As of recent, she has told me to quit my full time job as I absolutely hate my full time job. She is right in that respect, why stay at a job that one hates. I have been making the decision to drop my full time and work at my 2nd job more regularly. I am worried that she will take that away from me leaving me at home to take care of everything family/house related while she goes to work and works overtime all she wants, sleeps her Mandatory 8 hours and visits friends without guilt since I will be home primarily and taking care of the kids.

I don’t know how to talk to her about this. I don’t want to upset her because every time I bring anything like this up to her she freaks out at me and twists the situation and places the blame on me.

TL;DR: My [M32] partner [F32] focuses on work, sleep/self care and external socializing over her family and home.

How do I help correct this where she is a more active participant at home.

5 comments
  1. She is just partnering and parenting the way men have partnered and parented for hundreds of years. I don’t see anything inherently wrong with her priorities and choices.

    If you don’t want to be the primary parent, carer, and housekeeper, drop the kids off at the grandparents’ place for a day and spend a few hours together, working out a budget plan to hire a housekeeper and after-school carer/tutor for the kids. Then you can both focus on careers and sleep.

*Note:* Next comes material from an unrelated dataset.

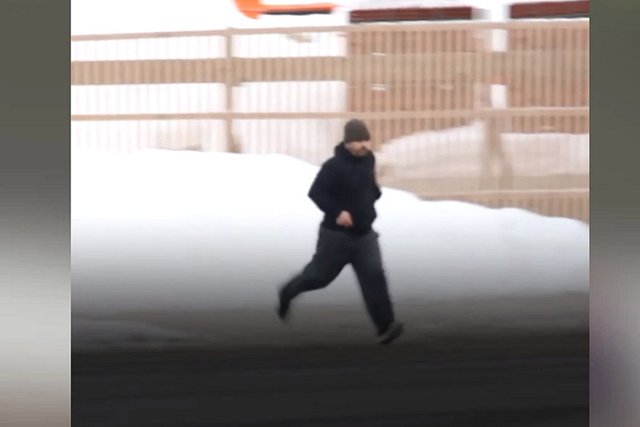 Свердловчане рассказали о странном мужчине, который пристаёт к прохожим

  2. I mean I don’t think wanting to sleep for 8 hours is some sort of craaazy demand bro. That seems like a basic necessity to me. You should be getting your 8 hours of sleep too and the first thing I thought when I read your story is: someone here needs to work less because there are just not enough hours in the day for all of that. It seems to me like she’s just good at prioritizing self-care and you on the other hand have bad boundaries and resent her for it.

    And I’m confused why dropping your job would NOT mean more housework and childcare? Isn’t that the point of working less, that there’s more time for that other stuff and you don’t have to resent her for not doing that? It’s a pretty normal arrangement to have one parent take care of income and the other have more of a stay at home role.

  3. Tell me you work in Healthcare without telling me you work in Healthcare lol. MLS/MT/MLT? I think this could be solved with some communication, budgeting, and time management. Can you tighten your budget so you don’t have to work as many hours to make ends meet? When does she sleep during the day on her “on” weeks? It would be best if she’s sleeping while the kids are at school so she could get up and have a few hours with them after school before she has to go back into work. Does she spend a lot of time with the kids during her “off” weeks? A cleaning schedule would also be helpful. Schedule family deep clean days on the first day and last day of her “off” week, so the house is getting cleaned weekly, but not when she’s working 84hrs. And I say family cleaning in that the whole family stops what they’re doing at that time and does their fair share. The house gets clean faster and one person doesn’t feel burdened. Assign tasks. To plan this all out, that’s where communication comes in. You also need to set boundaries for socializing without the family. Cut corners where you can. Meal prep on “off” weeks, get groceries delivered instead of going to the grocery.

  4. Focus on what you need and how to get it, not on trying to force your wife to get an objectively inadequate amount of sleep. This reads as very “I’m suffering so she should suffer too,” instead of “I’m suffering, so how can we solve this?”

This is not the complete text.